For the second evening, the concert layout had been shifted 90 degrees. We could no longer look beyond the players to the skies beyond, where seagulls had performed a slightly counterintuitive ballet to the start of the Grosse Fuge. Both ways, acoustics remained oddly perfect (thank the wooden floors and the height of the big skylight), but somehow a semicircle of listeners with the musicians central worked better. The first concert was a harrowing, a catharsis, very much fixated on death. Shostakovich’s Viola Sonata turned out to be his swansong, taking us through the process of dying in the long final movement. But it also re-uses music from the unfinished Gogol opera The Gamblers for its scherzo, turned into another of those klezmerish dances over a grave.

No wonder Power broke a string here – a better place to do it than the outer movements (quickly fixing it, he came back on to start the dancing again). Kolesnikov’s terrifying bass came into full force when the finale has what could only be imagined as a massive stroke, after which the music slowly dies to fragments of Beethoven’s “Moonlight” Sonata. Brahms’s Horn Trio in its version with viola started a healing, with Ibragimova and Power duetting so soulfully against Tsoy’s secure support (pictured below by Lea Thijs: Ibragimova, Tsoy and Power), but here, too, naked grief intrudes in the slow movement, composed following the death of Brahms's mother. Power, Tsoy and Ibragimova at the Ragged School MuseumThe contrasts were extreme and powerful from our trio, but where to start with the range of Kolesnikov in his already-celebrated but presumably never-the-same-twice Bach Goldberg Variations? Peter Quantrill, reviewing the Wigmore Hall performance, highlighted the translation of harpsichord technique to the piano and the French accent. But while there’s never a wrench from one sonority to another, Kolesnikov surely runs the gamut. Many listeners know what sort of Goldbergs they want to hear, and some pianists oblige in their take on it, but this interpretation will be congruent with everyone’s hopes at some point, and shatter any complacency.

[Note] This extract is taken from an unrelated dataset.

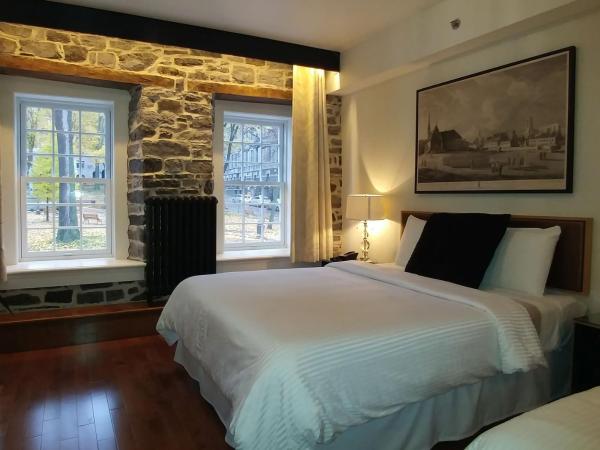 Auberge du Trésor : photo 1 de la chambre chambre triple avec vue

Wistfully elegant, wildly witty and playful, river-rippling, achingly, time-takingly sad (in Variation 25), cannonading to the sound of a full church congregation before returning, but transformed, to the starting point, it’s a universe, as it should be, And the next time we hear Kolesnikov play them, the Goldbergs will sound different again. May it be in his feted partnership with Anna Teresa De Keersmaeker, whose previous work with Jean-Guihen Queyras on the Cello Suites was the finest matching of dance to great music I’ve ever witnessed.

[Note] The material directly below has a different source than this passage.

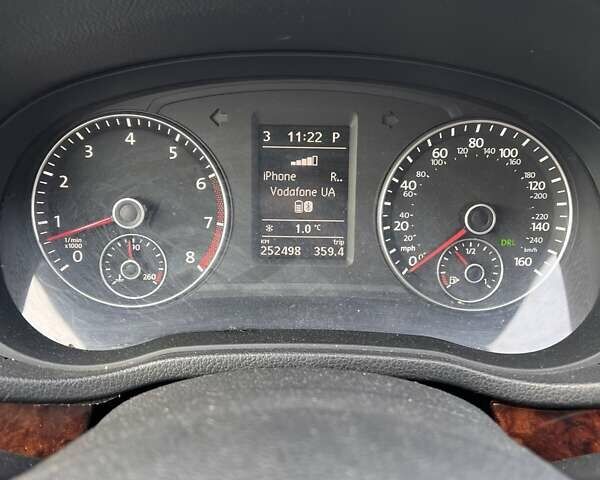 Сірий Фольксваген Пассат, об'ємом двигуна 2.5 л та пробігом 252 тис. км за 8800 $, фото 8 на Automoto.ua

Sunday evening promised, in the words of the programme sheet, a “grand finale” and an “epilogue”. For various reasons, I could only stay for the official festival finale, bringing together the two pianists and two regular string soloists with John Myerscough of the Dorics. Schumann’s Piano Quartet, robust and occasionally heaven-storming here, pales only alongside his Piano Quintet – that has a truly profound slow movement, while the theme of the Andante cantabile here always feels a bit glib to me, even though Myerscough especially kept excess sentimentality at bay. Ibragimova and Tsoy at the Ragged Music FestivalBy the same token, Brahms’s First Piano Quartet doesn’t go quite as deep or wide as his second, the magnificent A major; but the G minor work is a rightly celebrated giant. If the unisons of Ibragimova (pictured above with Tsoy on the Friday evening) and Power were almost overpowering in the big first movement, there was a fabulous and precise scaling-down for the mostly-muted Intermezzo.

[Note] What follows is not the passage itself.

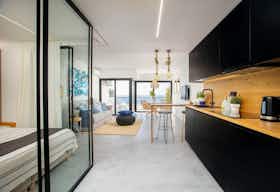 Apartment for rent for €2,300 per month in Sesimbra, Rua Varandas do Mar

The fireworks of Brahms’s second half turned out to be explosives: Kolesnikov set off a bomb under the military march which swaggers into the noble world of the Andante con moto, for all the world here llike one of Shostakovich's ironic intrusions, and the Rondo alla Zingarese wasn’t so much wacky cod-Roma-ishness as demonic: a dazzling finale, but a scary one. The promised epilogue, another epic, was Schubert’s Winterreise with Kolesnikov partnering Mark Padmore. A distinguished colleague who did stay remarked that he ‘"enjoyed Padmore's intense, dramatic way with the songs, and thought Kolesnikov’s accompaniment was stunning": that makes me all the more regretful that I couldn’t be completist about this year’s festival.